## TASK INSTRUCTIONS
In the material below, find each line holding the string "Shirt" and copy it.

## SOURCE MATERIAL
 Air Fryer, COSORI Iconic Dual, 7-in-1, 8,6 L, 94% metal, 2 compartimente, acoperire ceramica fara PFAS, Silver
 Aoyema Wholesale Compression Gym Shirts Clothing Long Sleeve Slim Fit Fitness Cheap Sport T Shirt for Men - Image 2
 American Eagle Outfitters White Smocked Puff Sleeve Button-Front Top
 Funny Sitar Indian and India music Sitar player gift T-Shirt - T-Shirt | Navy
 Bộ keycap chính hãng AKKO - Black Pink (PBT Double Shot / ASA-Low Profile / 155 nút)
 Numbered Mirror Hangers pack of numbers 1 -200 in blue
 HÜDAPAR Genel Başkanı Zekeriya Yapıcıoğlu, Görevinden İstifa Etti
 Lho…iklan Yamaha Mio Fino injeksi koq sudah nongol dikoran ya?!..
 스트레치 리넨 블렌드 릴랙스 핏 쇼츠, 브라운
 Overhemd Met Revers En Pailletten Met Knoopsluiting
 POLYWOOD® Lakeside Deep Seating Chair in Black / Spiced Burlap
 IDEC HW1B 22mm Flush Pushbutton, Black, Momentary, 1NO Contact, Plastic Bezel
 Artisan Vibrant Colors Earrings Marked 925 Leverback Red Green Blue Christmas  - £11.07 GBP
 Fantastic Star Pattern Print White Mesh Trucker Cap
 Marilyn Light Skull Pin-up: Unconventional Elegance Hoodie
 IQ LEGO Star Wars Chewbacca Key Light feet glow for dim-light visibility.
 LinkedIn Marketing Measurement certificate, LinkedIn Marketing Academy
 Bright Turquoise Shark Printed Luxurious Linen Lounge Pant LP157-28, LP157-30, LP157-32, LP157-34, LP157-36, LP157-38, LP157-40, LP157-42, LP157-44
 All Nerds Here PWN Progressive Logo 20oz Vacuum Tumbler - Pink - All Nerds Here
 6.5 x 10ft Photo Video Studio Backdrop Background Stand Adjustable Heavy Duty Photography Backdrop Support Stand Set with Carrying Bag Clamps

## EXERCISE OUTPUT
 Aoyema Wholesale Compression Gym Shirts Clothing Long Sleeve Slim Fit Fitness Cheap Sport T Shirt for Men - Image 2
 Funny Sitar Indian and India music Sitar player gift T-Shirt - T-Shirt | Navy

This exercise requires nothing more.